Controlled Defects of Zinc Oxide Nanorods for Efficient Visible Light Photocatalytic Degradation of Phenol

Environmental pollution from human and industrial activities has received much attention as it adversely affects human health and bio-diversity. In this work we report efficient visible light photocatalytic degradation of phenol using supported zinc oxide (ZnO) nanorods and explore the role of surface defects in ZnO on the visible light photocatalytic activity. ZnO nanorods were synthesized on glass substrates using a microwave-assisted hydrothermal process, while the surface defect states were controlled by annealing the nanorods at various temperatures and were characterized by photoluminescence and X-ray photoelectron spectroscopy. High performance liquid chromatography (HPLC) was used for the evaluation of phenol photocatalytic degradation.
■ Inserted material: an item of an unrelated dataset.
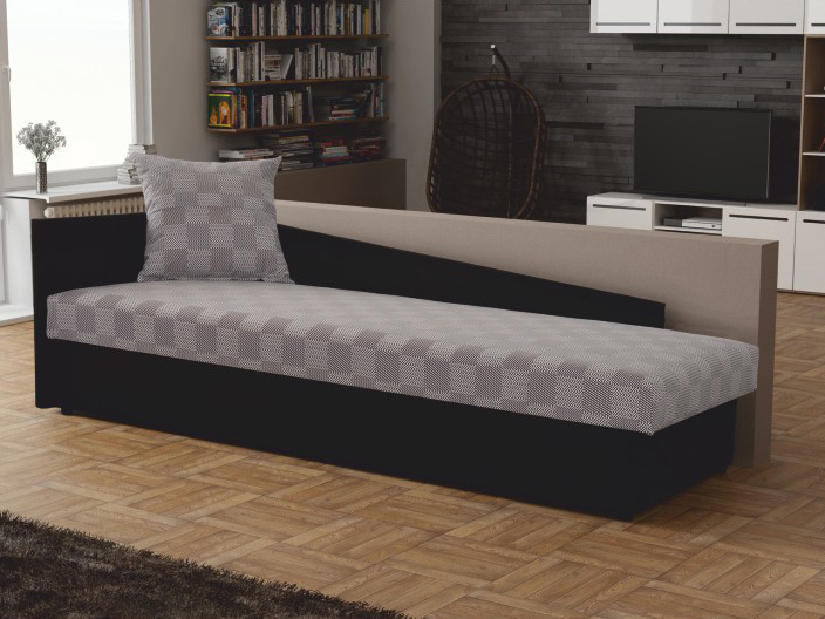 Jednolôžková posteľ (váľanda) 80 cm Judit (sivá + čierna) (s úl. priestorom) (Ľ) *výpredaj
ZnO nanorods with high surface defects exhibited maximum visible light photocatalytic activity, showing 50% degradation of 10 ppm phenol aqueous solution within 2.5 h, with a degradation rate almost four times higher than that of nanorods with lower surface defects. The mineralization process of phenol during degradation was also investigated, and it showed the evolution of different photocatalytic byproducts, such as benzoquinone, catechol, resorcinol and carboxylic acids, at different stages. The results from this study suggest that the presence of surface defects in ZnO nanorods is crucial for its efficient visible light photocatalytic activity, which is otherwise only active in the ultraviolet region.